From Medieval Manuscripts to Training Cards: The HEMA Data Pipeline
I wanted to make HEMA training cards. Physical flashcards with medieval sword techniques on them. The data existed in manuscripts, wikis, and academic translations. Getting it into a format that could generate print-ready cards, QR-linked landing pages, and digital training tools took a pipeline spanning five languages and six hundred years of source material.
The pipeline
Stage 1: Scraping. A Go application reads Wiktenauer via the MediaWiki API, parses the eight-column table layout, identifies which manuscript each illustration belongs to, and outputs structured JSON.
Stage 2: Enrichment. An AI layer generates card metadata: type classification, one-line summaries, training notes, technique tags, and relationship data.
Stage 3: Card generation. A Node.js tool generates 78 print-ready card images at 300dpi using HTML templates rendered via Puppeteer.

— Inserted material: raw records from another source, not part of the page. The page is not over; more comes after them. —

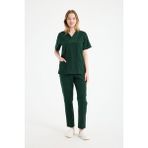 Scrubs Kadın Doktor Üniforması Üst Forma – Likralı Medikal Giyim | Carex - Koyu Yeşil - 2XL
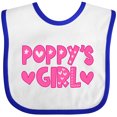 thumbnail image 3 of Inktastic Poppy's Girl Pink with Hearts Girls Baby Bib, 3 of 4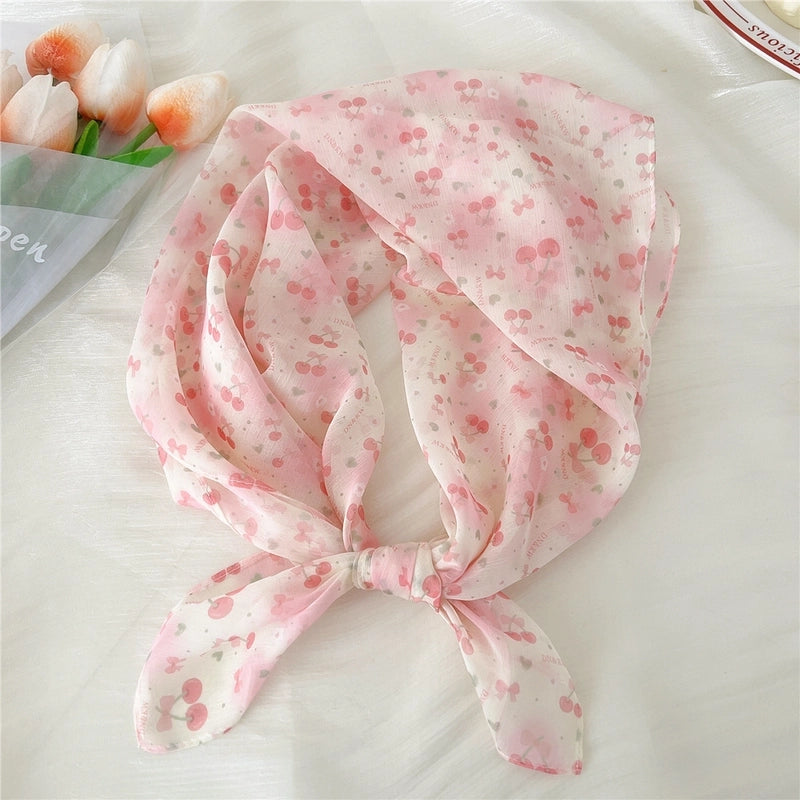 Women's Sweet Pastoral Minimalist Square Synthetic Yarn Printing Silk Scarf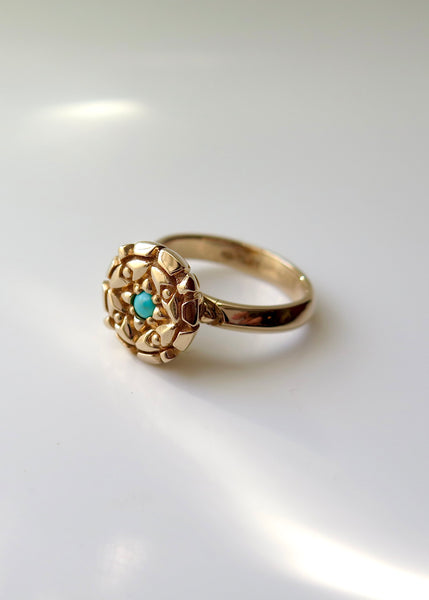 Button ring with Turquoise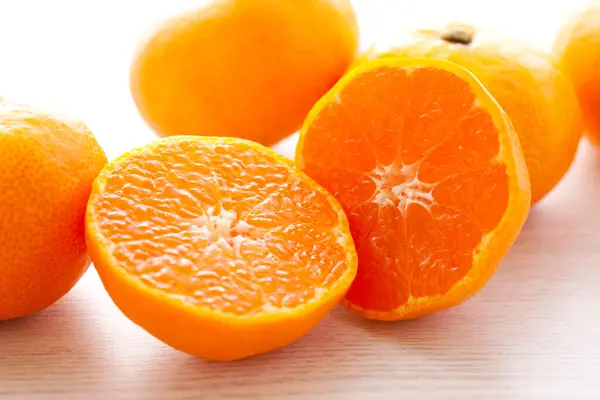 Fresh Ripe Oranges Wooden Table Background — Stock Photo, Image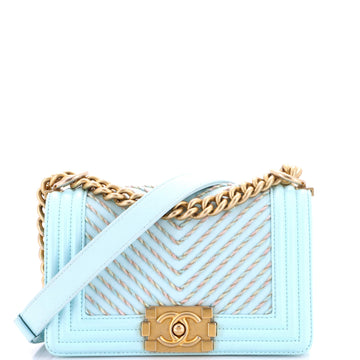Chanel By The Sea Boy Flap Bag Chevron Embroidered Calfskin Small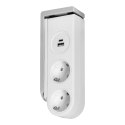 Listwa zasilająca biurkowa typu Schuko z ładowarką USB i sprężynowym zaciskiem mocującym
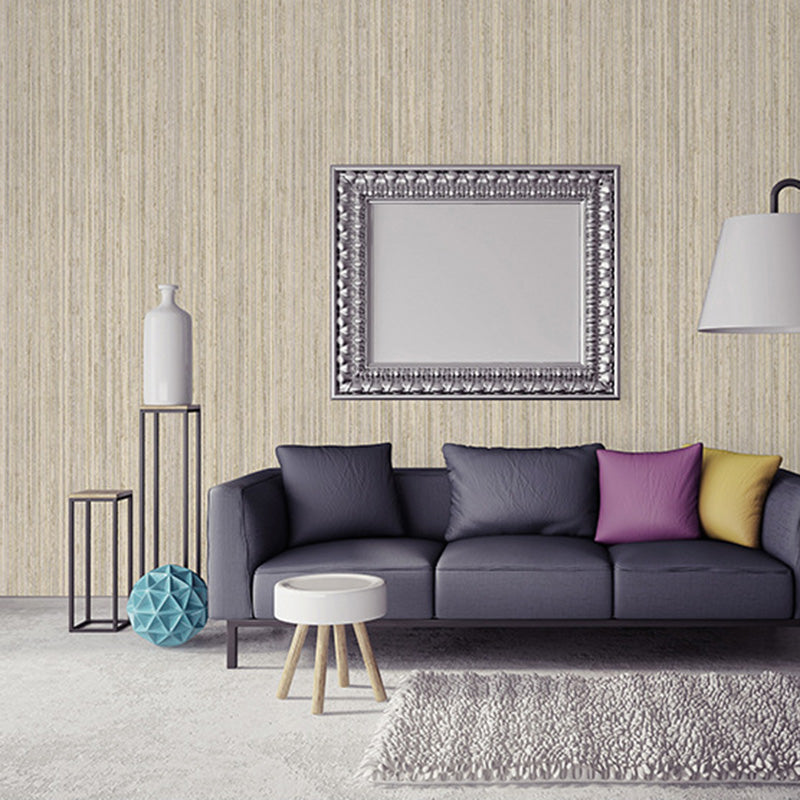 Vertical Stripe Wallpaper for Living Room Decoration in Natural Color, 20.5 in x 33 ft, Non-Pasted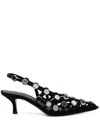 Attico The  Black Open Lattice Design Low-heeled Shoes In Black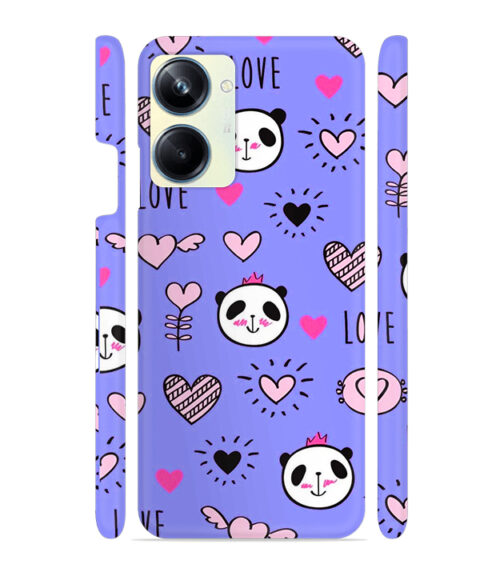 Love text with panda emoji Realme 10 Pro 5G Mobile Cover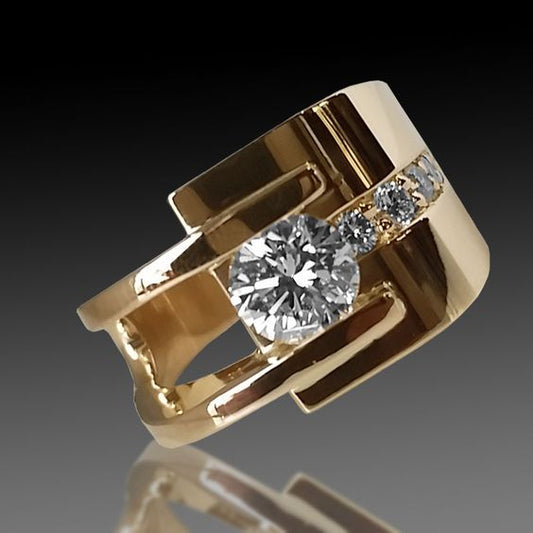 Golden Irregular Zirconia Ring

Stage 4: Web platform. A Laravel application serves technique pages, a filterable index, training tools, and a shop with Stripe pre-orders. Every card has a QR code that resolves through a redirect layer to its technique page.
Stack
Go (scraper), Node.js (card generation), Laravel 12 + Blade + Alpine.js + HTMX (web platform), Stripe (payments), SQLite, Tailwind.
What made it interesting
The data modelling was the hard part. A technique can appear in four different manuscripts. The type system had to work across Fiore's entire curriculum and eventually across different masters. The QR redirect layer means printed cards never go stale.
Current state
Fiore Longsword deck (78 cards) at pre-order stage. Fiore Dagger next.